CPCL targets improvements to margins

Measures to boost realisation include a naphtha splitter, low sulphur fuel oil foray

State-owned refiner Chennai Petroleum Corporation Ltd. (CPCL) , which posted a loss of ₹2,078 crore in FY20, has planned several initiatives for the current fiscal to improve its operational performance, said a top official.

CPCL posted a pre-tax profit of ₹430 crore in the first quarter following improvement in crude prices though product margins continued to remain below the economic level and demand was only 70-75% of the normal. “We expect the demand to significantly improve by Q3 of FY21,” Chairman S.M. Vaidya told shareholders at the annual general meeting.

“CPCL has initiated many measures to improve profitability and reduce operating costs and with good physical performance combined with these new measures, we are confident of better financial performance in the current fiscal,” he said.

As part of measures to improve margin realisation, a naphtha splitter was being installed in crude unit II to split the naphtha into light and heavy grades.

“This initiative will improve margin realisation of naphtha through exports and also help to consume part of the production within India as also contribute to improve the company’s gross refining margin,” Mr.
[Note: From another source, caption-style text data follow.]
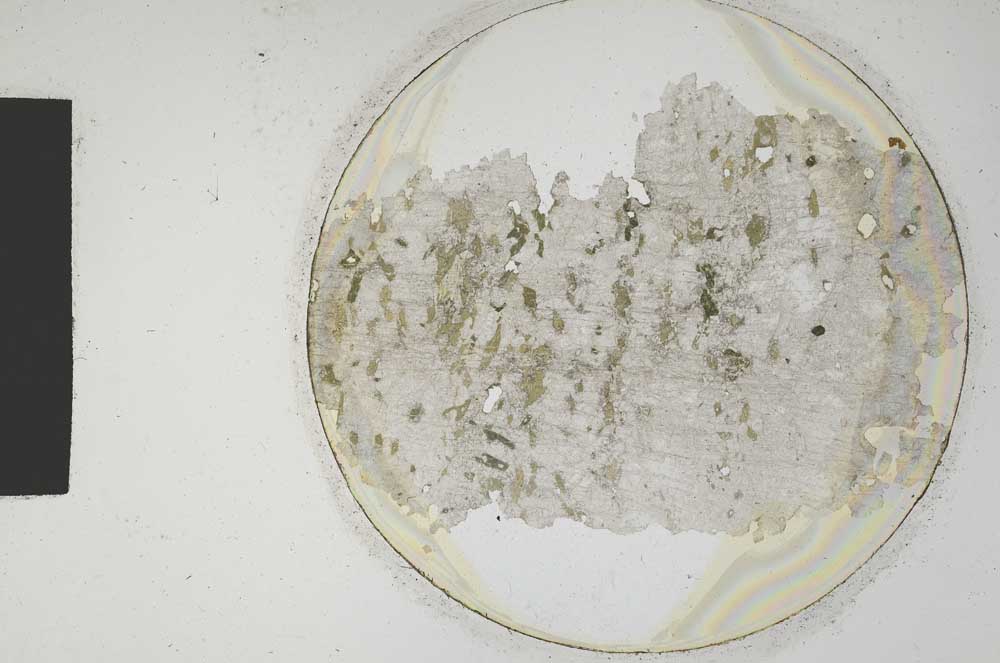 Plane Polarized, S845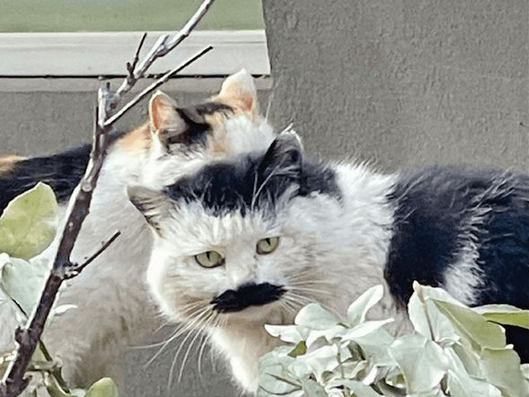 一只长相很特别的猫咪，还以为它长了头发和胡子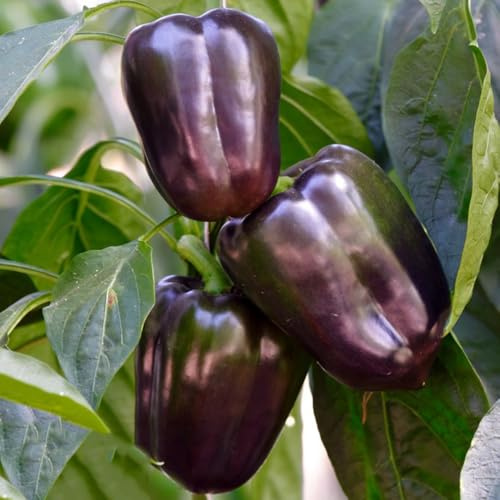 semillas de chile, extremadamente picantes pimiento annuum, viejas de jalapeño, 50pcs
Vaidya said.

CPCL had also initiated action to manufacture low sulphur fuel oil, which has a better margin compared to other products. It also plans to raise hexane output from 20,000 MT to 36,000 MT per year during 2021-22 and later scale it up by an additional 15,000 MT per year in the near future. These efforts were expected to improve profitability by about ₹90 crore per year.

Higher production of Lube Oil Base Stock (LOBS) products would also increase CPCL’s profitability, as margins from LOBS are quite high, he added.